Context, Security, and Collaboration: The Enterprise AI Formula

 I’ve had the privilege of talking to a lot of people about enterprise AI, the use of data in creating action and insight, and the challenge of scaling practices and technology across a large number of teams. Without exception, the technology professionals I talk to are finding insanely cool things to do with AI, but have not yet figured out how to scale those successes to their entire company without creating new security, governance, and performance challenges.

At Kamiwaza, we’ve thought a lot about what is necessary to address “enterprise scale.” In many ways, the challenges that AI-based software brings to the enterprise are similar to those of any distributed systems environment, such as social media sites or big data analytics platforms.
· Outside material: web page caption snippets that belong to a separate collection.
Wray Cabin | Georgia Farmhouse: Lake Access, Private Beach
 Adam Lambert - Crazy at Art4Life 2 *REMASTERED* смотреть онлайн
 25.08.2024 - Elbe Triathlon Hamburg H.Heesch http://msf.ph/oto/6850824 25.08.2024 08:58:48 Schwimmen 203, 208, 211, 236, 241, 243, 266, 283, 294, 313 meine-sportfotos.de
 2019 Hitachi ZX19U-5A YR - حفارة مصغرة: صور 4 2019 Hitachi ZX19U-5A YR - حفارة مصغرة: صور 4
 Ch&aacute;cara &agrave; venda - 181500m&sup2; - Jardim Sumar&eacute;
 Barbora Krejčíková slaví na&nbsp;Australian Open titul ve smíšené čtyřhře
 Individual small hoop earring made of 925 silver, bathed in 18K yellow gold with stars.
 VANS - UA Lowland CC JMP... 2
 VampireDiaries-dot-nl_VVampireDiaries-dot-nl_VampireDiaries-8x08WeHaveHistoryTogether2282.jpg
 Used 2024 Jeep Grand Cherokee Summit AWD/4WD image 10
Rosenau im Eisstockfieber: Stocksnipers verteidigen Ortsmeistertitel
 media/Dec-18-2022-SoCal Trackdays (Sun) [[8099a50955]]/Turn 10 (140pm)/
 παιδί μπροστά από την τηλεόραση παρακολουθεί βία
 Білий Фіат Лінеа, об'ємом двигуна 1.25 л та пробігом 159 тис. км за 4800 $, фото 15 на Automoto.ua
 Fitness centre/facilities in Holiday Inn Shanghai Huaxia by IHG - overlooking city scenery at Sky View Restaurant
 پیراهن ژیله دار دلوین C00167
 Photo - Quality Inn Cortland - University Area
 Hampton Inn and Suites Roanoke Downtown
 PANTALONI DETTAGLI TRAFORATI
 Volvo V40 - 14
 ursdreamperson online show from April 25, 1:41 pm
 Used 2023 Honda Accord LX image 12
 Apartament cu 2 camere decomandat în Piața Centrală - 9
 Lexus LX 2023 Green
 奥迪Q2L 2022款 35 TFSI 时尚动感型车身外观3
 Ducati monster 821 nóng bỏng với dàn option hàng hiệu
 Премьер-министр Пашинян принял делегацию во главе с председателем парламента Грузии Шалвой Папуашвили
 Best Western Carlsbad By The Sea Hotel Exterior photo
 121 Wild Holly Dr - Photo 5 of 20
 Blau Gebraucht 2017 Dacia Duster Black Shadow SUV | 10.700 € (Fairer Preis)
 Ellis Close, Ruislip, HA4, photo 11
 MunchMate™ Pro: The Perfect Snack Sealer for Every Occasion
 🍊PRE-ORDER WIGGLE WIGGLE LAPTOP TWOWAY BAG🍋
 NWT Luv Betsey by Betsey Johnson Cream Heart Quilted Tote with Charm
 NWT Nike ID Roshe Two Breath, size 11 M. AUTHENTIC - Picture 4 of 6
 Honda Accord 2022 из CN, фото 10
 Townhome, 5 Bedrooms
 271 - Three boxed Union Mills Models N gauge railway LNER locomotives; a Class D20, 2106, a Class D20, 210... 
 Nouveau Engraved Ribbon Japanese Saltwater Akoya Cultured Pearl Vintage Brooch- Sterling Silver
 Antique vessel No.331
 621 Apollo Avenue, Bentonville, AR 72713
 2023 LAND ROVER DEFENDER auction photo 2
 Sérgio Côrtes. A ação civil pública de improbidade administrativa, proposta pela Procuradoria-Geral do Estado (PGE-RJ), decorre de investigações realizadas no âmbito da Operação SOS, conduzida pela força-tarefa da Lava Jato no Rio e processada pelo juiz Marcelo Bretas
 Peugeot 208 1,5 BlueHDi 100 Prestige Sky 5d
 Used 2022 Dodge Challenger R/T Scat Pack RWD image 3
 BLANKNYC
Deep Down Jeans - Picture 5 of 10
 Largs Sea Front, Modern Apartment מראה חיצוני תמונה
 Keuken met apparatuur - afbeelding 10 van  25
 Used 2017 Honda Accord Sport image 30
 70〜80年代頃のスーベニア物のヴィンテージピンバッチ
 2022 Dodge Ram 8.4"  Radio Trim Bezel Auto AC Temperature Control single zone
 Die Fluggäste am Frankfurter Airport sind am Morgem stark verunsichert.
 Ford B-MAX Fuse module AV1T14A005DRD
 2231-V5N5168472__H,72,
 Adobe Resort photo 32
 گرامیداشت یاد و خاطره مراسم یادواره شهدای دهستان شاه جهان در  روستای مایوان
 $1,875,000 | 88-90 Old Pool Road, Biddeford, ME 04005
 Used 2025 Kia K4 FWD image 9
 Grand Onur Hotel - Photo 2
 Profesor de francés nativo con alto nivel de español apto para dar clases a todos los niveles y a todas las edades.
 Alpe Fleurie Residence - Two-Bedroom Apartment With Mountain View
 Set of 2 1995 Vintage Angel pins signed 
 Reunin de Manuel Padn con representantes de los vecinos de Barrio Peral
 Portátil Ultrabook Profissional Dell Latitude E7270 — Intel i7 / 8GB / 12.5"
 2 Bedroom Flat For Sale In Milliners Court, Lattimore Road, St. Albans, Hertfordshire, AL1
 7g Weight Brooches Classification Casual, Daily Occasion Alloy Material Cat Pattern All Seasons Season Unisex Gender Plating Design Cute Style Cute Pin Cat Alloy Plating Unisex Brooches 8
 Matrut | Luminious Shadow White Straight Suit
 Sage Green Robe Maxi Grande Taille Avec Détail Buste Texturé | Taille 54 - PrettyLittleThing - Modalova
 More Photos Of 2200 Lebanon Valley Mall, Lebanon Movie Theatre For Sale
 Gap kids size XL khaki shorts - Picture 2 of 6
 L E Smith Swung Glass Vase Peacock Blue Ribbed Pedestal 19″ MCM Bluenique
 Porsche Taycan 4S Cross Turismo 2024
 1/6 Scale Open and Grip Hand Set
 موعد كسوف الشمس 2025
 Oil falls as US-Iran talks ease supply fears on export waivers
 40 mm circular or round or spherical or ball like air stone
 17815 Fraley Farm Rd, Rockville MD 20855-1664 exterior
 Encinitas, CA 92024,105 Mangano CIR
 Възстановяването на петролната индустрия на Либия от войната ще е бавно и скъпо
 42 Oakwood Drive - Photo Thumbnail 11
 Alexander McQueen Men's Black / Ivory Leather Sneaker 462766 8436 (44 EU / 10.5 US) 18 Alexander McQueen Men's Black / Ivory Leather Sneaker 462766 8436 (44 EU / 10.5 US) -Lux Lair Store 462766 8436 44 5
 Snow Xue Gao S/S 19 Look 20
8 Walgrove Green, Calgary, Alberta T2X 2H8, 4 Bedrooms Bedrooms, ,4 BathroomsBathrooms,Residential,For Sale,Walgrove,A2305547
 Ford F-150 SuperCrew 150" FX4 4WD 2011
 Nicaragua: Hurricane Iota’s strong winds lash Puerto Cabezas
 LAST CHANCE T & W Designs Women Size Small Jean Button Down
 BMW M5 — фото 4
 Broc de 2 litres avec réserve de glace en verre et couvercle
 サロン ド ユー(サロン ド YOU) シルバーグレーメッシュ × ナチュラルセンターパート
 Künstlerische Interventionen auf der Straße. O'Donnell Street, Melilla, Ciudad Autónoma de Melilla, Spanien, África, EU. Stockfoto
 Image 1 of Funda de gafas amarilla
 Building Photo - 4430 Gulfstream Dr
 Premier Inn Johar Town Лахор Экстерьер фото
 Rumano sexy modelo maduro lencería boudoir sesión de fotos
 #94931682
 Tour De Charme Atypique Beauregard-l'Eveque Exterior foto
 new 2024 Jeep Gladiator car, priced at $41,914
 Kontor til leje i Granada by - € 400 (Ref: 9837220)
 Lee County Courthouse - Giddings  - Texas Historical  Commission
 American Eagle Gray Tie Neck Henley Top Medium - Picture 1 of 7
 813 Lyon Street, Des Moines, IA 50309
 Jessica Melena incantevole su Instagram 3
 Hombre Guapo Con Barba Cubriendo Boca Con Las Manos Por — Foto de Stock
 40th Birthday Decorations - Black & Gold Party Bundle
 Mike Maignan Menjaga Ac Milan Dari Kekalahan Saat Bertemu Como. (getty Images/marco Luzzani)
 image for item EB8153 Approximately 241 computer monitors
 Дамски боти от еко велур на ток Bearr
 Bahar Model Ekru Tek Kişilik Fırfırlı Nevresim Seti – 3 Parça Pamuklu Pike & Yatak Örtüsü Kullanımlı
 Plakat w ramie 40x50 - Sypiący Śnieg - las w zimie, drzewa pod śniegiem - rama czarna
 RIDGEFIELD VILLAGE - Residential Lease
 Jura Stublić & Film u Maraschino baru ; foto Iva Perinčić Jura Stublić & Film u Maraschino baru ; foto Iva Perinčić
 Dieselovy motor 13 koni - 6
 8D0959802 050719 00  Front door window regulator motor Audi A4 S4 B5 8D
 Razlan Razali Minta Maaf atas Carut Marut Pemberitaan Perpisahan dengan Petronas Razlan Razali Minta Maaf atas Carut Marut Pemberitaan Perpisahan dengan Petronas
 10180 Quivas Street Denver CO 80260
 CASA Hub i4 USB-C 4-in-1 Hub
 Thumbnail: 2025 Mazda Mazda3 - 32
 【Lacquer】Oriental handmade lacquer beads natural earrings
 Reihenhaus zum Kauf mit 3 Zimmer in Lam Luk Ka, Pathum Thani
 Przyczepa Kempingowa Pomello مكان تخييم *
But there are some key differences, namely the software is now a collaborator with your human resources, and must be treated as such.

So, with an eye towards explaining how enterprise scale is achieved in AI systems, let me explain Kamiwaza’s perspective and how our platform addresses this challenge.

Much More Than RAG

Kamiwaza is an orchestration platform that sits between your AI applications and agents and your distributed enterprise tools and data. (Tools can be anything accessible via MCP or a script, such as databases, SaaS applications, and so on. A good example is the Linear MCP server we use to integrate with our issue tracking system.)

As such, Kamiwaza has one key responsibility: to make those tools and data usable in creating intelligent, accurate results. This requires a combination of models, data sources, tool access, and application (or agent) awareness.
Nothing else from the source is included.